Learn about bonds and other fixed income instruments.
Bonds are not like stocks. The interest rate is guaranteed. It's important, though, that you pick bonds whose "duration" matches the amount of time you plan to keep the money before you need it. That way, the interest rate is effectively guaranteed. Just like a CD, you may have to pay a penalty if you sell early. Unlike a CD, the penalty is fairer -- you can actually make money if you sell early and interest rates fell. Like a CD, the penalty is relatively small, and fear of this penalty should never be a reason to avoid investing in bonds. It should, however, be a reason to always select the duration you actually need, not be stupid and pick a longer duration because of attractive rates. (Those rates are attractive for a a reason.)
The only risk in bonds, therefore, is from credit risk -- risk of the bond issuer going bankrupt. So if you want absolutely no risk, pick someone who can't go bankrupt because they can legally print as much money as they want: the government.
If you want absolutely no risk, learn about US Treasury bills and such. Look it up. If you know you need the money in 5 years and refuse to accept any risk whatsoever, then don't waste your time on a CD from your merely FDIC insured bank. Go straight to the source of that risk-protection and deposit your money directly with the US government! Even plain old US Series I savings bonds are at about 1.9% right now, with just 3-months interest penalty for early redemption before 5 years -- and they include inflation protection.

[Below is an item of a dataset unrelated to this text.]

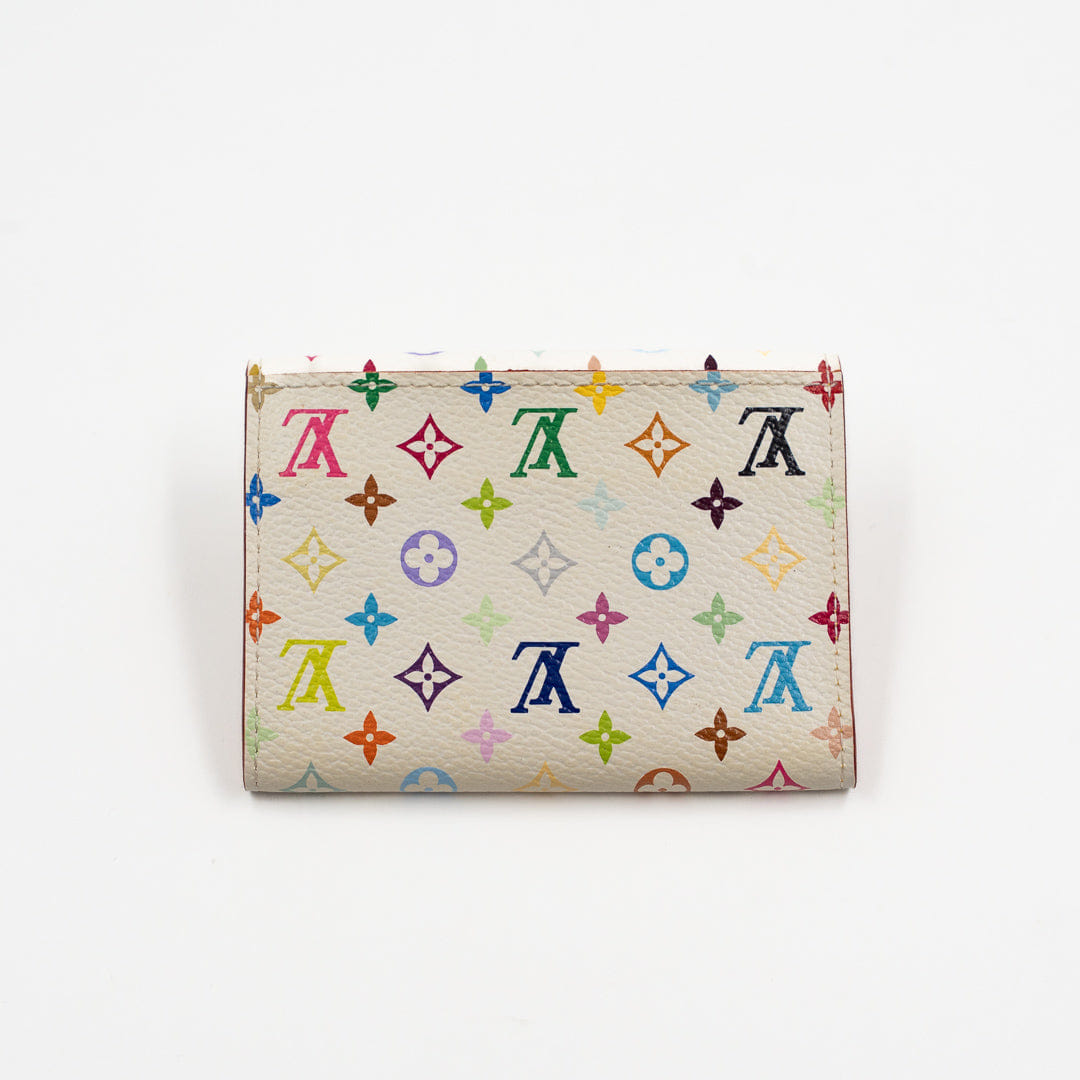 Louis Vuitton Monogram Multicolor Business Card Holder and Coin Case White Murakami Collection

If you are willing to bear a small amount of risk, then pick an issuer with a small risk of going bankrupt -- even better, diversify among several such issuers.
In other words, invest in a low-cost bond index fund whose average credit rating is quite high and whose duration matches your needs.
For example, VBMFX, Vanguard's total bond market index fund has an average duration of 4.57 years and returned almost 4% over the last year.
Over 5 years, that difference would add up to....
$100,000 in a 1.5% 5-year CD will become 107,728
$100,000 yielding 4% in a bond index fund will become 121,665
That extra $14k could feed, clothe, and house a Mustachian for a whole year in some locations.
And I haven't even mentioned tax implications -- The interest earned on US treasury instruments is state/local-tax free. (If you live in NYC like me, with high state and high city income taxes, that's nothing to sneeze at)
And municipal bonds can be free of federal, state, and local income taxes. Depending on where you live and how much you will be making over the next 5 years, this could make a big difference. Plain old CDs are fully taxed at state, local, and federal levels.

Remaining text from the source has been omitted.